The third group, which I would place myself in, sees validity in both the thimerosal and MMR hypotheses, but don’t believe either can give a full answer in isolation. The key to understanding is to classify autism ⎯ at least the form of autism we see in our children ⎯ as an autoimmune disorder. Although there is a genetic predisposition underlying everything, the actual autoimmune process in most children might start with mercury poisoning from thimerosal-laden shots (see the recent study from the M.I.N.D. Institute). With the immune system damaged by the mercury, it becomes understandable how attenuated live viruses, particularly those given in combination and simultaneously with thimerosal-containing vaccines (e.g., my son received the MMR, polio, and DTP shots all in one visit to the pediatrician) can not only fail to create an immunity, but might also cause the kind of biological damage of which Dr. Herbert writes.

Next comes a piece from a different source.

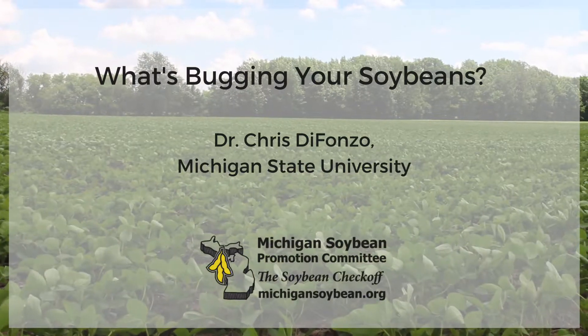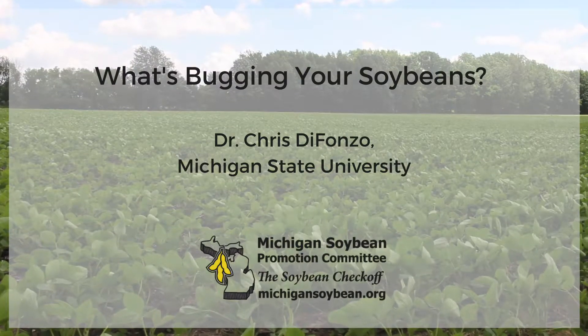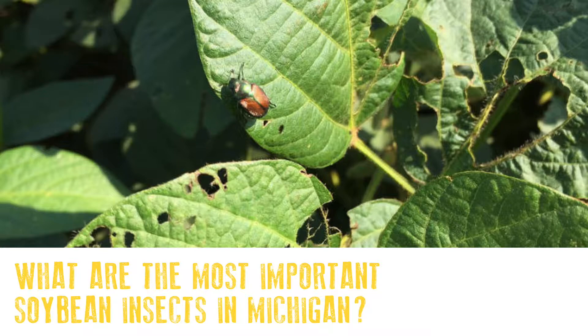The Michigan Soybean Promotion Committee is proud to offer this soybean insect video featuring Dr. Chris DeFonzo of Michigan State University. The most important pests of soybeans in Michigan are the soybean aphid, which we've had for the last few years since 2001.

As we learn more and more, this third hypothesis is getting more attention beyond the scientific community. Witness the new articles in Dan Olmsted’s excellent and thought-provoking “Age of Autism” series for UPI. Like all of his articles, Mr. Olmsted is very careful to avoid representing his writing as scientific, but the questions he raises cannot be ignored. His recent series entitled “Pox” (see here and here) examines some of the results of a Merck-sponsored trial of the “ProQuad” vaccine. The ProQuad combines the MMR with a vaccine for chicken pox. Some of the children on whom the vaccine has been tested, have developed autism. The common thread among the children, other than they all reside in the area of Olympia, Washington, where the trials occurred, is that they all have a family history in which relatives had problems with chicken pox (e.g., multiple cases of the disease or the subsequent development of shingles) that might suggest a susceptible immune system.

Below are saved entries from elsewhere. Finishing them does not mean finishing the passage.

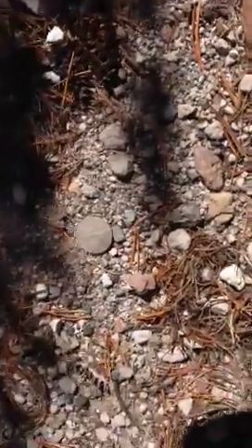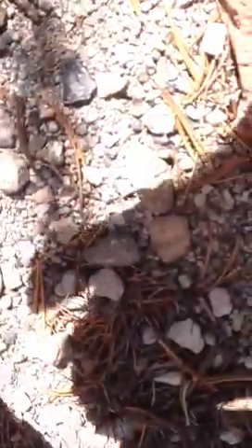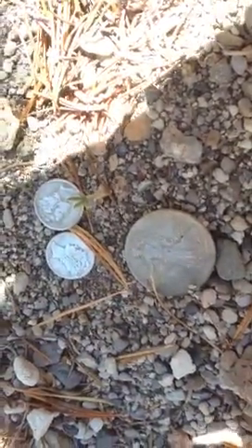Found it right in the hole here. And a couple mercury dimes with it. It's a good day in the metal detecting. Gotta love it.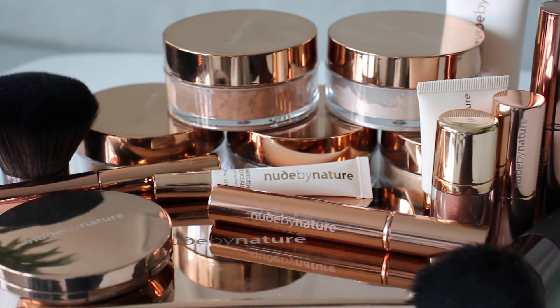So I partnered with Nude by Nature for this video. All of the products I'm going to be using are by them. They are an Australian brand, but they are new to Canada, which is super cool. I did a mini unboxing of these products when I got them sent to me and a lot of you guys responded saying really positive things about how much you loved the products. My aunt also messaged me when she saw that I was going to be working with them and said that my cousin was recommended Nude by Nature by her dermatologist, just because the ingredients are a hundred percent naturally derived. They're cruelty free and the packaging is beautiful.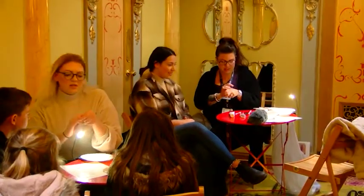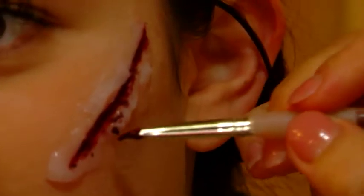I've just applied the sculpt gel, which gives us the basic shape of the scar. Now I'm adding some grease paint to give us the depth of colour. This week aboard the SS Great Britain, special effects make-up artists from a local college are giving visitors the chance to experience the gruesome side of Victorian life.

It may yet turn out that mercury is the only problem, or that the MMR is the only problem, or that vaccines are not involved at all and it is all genetics. It would be far easier to believe any of those scenarios than to look at a multiplicity of possible environmental triggers acting on genetic predisposition. Most of us, however, would rather reach the right answer. Dr. Herbert’s model provides a framework for finding the right answer. And an answer that points to autoimune processes makes sense.